Question

An instructor has given a short quiz consisting of two parts. For a randomly selected student, let X = the number of points earned on the first part and Y = the number of points earned on the second part. Suppose that the joint pmf of X and Yis given in the accompanying table. Х p(x,y) 0 5 10 15 0 0.03 0.06 0.02 0.10 5 0.04 0.13 0.20 0.10 10 0.01 0.15 0.15 0.01 (a) If the score recorded in the grade book is the total number of points earned on the two parts, what is the expected recorded score E(X + Y)? (Enter your answer to one decimal place.) (b) If the maximum of the two scores is recorded, what is the expected recorded score? (Enter your answer to two decimal places.) 6:59 PM

Answer 1

a) For each combination, we obtain the values of X + Y here. the expected value of X + Y is computed here as:

$E(X + Y) = \sum (x + y)P(X = x, Y = y)$

The computations here are made as:

p(x,y)	0	5	10	15
0	0.03	0.06	0.02	0.1
5	0.04	0.13	0.2	0.1
10	0.01	0.15	0.15	0.01
x + y	0	5	10	15
0	0	5	10	15
5	5	10	15	20
10	10	15	20	25
E(X + Y)	0	5	10	15
0	0	0.3	0.2	1.5
5	0.2	1.3	3	2
10	0.1	2.25	3	0.25

We add the values in the last table here to get the expected value as:

$E(X + Y) = \sum (x + y)P(X = x, Y = y) = 14.1$

therefore 14.1 is the required expected value here.

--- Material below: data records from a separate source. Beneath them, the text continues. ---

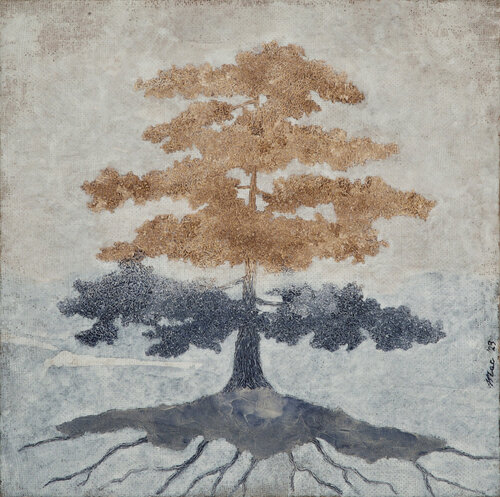Flying tree di Gian Luigi Delpin, Pittura in vendita su Singulart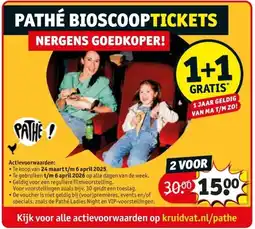 Kruidvat PATHÉ BIOSCOOPTICKETS aanbieding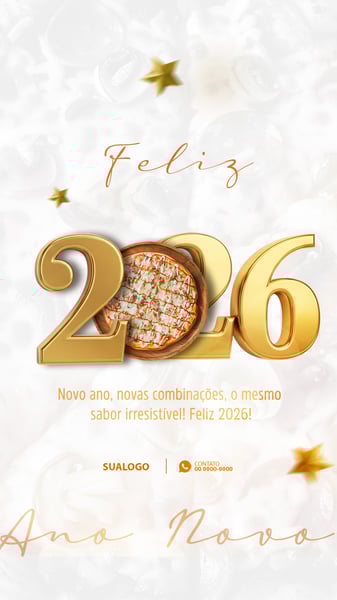 FELIZ ANO NOVO PIZZARIA 2 ST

b) Similar to above, the expected value of the max of X and Y here is computed as:

$E(Max(X, Y)) = \sum Max(X, Y)P(X = x, Y = y)$

These computations here are made as:

Max(X, Y)	0	5	10	15
0	0	5	10	15
5	5	5	10	15
10	10	10	10	15
E(max(X, Y))	0	5	10	15
0	0	0.3	0.2	1.5
5	0.2	0.65	2	1.5
10	0.1	1.5	1.5	0.15

Adding the values in the last table, we get here:

$E(Max(X, Y)) = \sum Max(X, Y)P(X = x, Y = y) = 9.6$

Therefore 9.60 is the required expected value here.